Remi growled. “What the fuck is happening?”
“I don’t know,” Auden admitted even as Liberty shook her fists with no indication of psychic stress or hurt. “It’s Libby. She’s doing something through me. I think…I think it needs an adult mind to work, but it’s her power. I’m just the conduit.” She brushed her fingers over her baby’s soft cheek. “It’s a web of glorious beauty, Remi. Like it’s coated with crushed gemstones.”
“It’s a good thing?”
Despite her wonder, Auden frowned and considered it from every angle. “Yes,” she said at last. “It’s not doing harm. I think…I think it might be helping in a way I don’t understand.”
She looked at their daughter again. “What are you doing, my baby?”
But Liberty just yawned before rooting for her breast…and Auden’s milk flowed so fast that it stained her T-shirt. Laughing, crying, she pulled down the loose neckline and fed her child while her mate—and Liberty’s father—cradled them close and purred deep in his chest.
A nudge at the back of her mind, that desperate entity sighing in relief. The sensation was weak, the flowers it showered on her mind a cascade of luminous steel.
Chapter 48
I don’t have empathy, Sahara. I can’t feel for those who are going to die. It would be akin to asking a falcon to take flight when his wings had long been hacked off.

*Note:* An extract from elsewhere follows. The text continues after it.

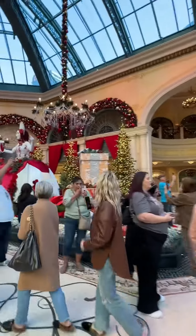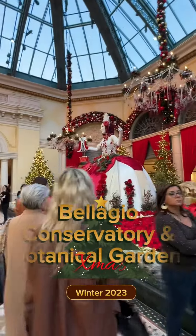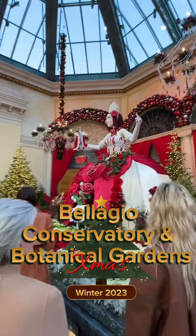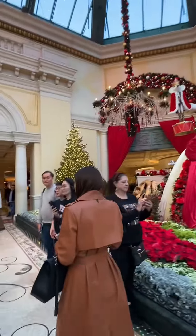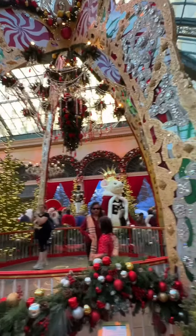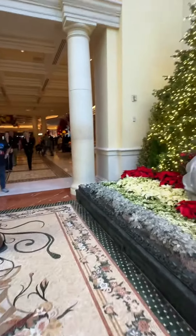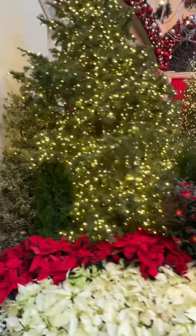A 30-foot figure crafted from botanical material. The conservatory holiday display features delights including an exclusive crystal chandelier and 40 fresh holiday trees, all aglow with over 125,000 lights. Immerse yourself in this holiday extravaganza, available now through January 7.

—Kaleb Krychek to Sahara Kyriakus (circa late 2081)
KALEB SAW THE line of spidersilk before it reached him. That blue…
The same blue as Shoshanna Scott’s eyes.
Monster. Murderer. Spider.
The same blue as Auden Scott’s eyes.
Protected by the NetMind itself, to the point that the neosentience had almost burned itself out sharing its own energy with her so she could heal.
It had nearly done the same a second time around, when it had screamed for Kaleb to help her.
The NetMind was ready to die for Auden Scott.
He allowed the spidersilk to touch his mind, anchor into it…and felt it at once, a subtle draw on his power. Far less, however, than he was expending in his brute force effort to hold the PsyNet from crumbling.
Because it turned out that he wasn’t a black-hearted bastard after all. Not when it came to children. He’d set himself up above the area where Sahara—in concert with local empaths—had corralled all the children in their region, his aim to protect their innocent minds as the PsyNet shattered.
Sahara stood next to him, hand in hand with him, her power his to use.
“Do you see the spidersilk?” he asked.
“It looks like a dream. Should I allow it in?”
“Yes,” he said, remembering what the NetMind had shown him. “It’s…a mirror of what Shoshanna did. She took and took and became bloated with it. I think this web is doing what Ivan’s web does.” Creating a closed system of energy using every mind in the PsyNet, strong and weak, old and young, broken and whole.
“Oh,” Sahara whispered. “It’s so…happy?” Tilting her head against his arm, she smiled. “It’s gone now, but I could’ve sworn I felt the sweetest brush against my mind. This web is young.”
Kaleb hadn’t sensed any of that, but his emotions were twisted and calcified. He relied on Sahara when it came to knowing good from evil, dark from light. So, lifting her hand to his mouth, he pressed a kiss to her knuckles, then sent a telepathic blast through the PsyNet.
Accept the web. The NetMind designed it to hold the PsyNet together. It will not take by force. But the more minds in the web, the more energy it has to weave us back together.
The web spread at a phenomenal rate in a matter of seconds, and when he went to the mind he knew to be the center, it wasn’t there. A glittering blue orb sat in its place, roiling with the energy of millions of minds linked in a biofeedback loop of inconceivable proportions.
Kaleb understood. The mind couldn’t be seen, couldn’t be known. It was too fragile. “It’s a child,” he said with confidence. “The being at the center of the web. Auden Scott’s child.”
Sahara met his gaze, her dark hair lifting in the breeze on their terrace. “Will you tell the others?”
“I think the Arrows must know. There was an Arrow shield around Auden Scott’s mind the last time I saw it.”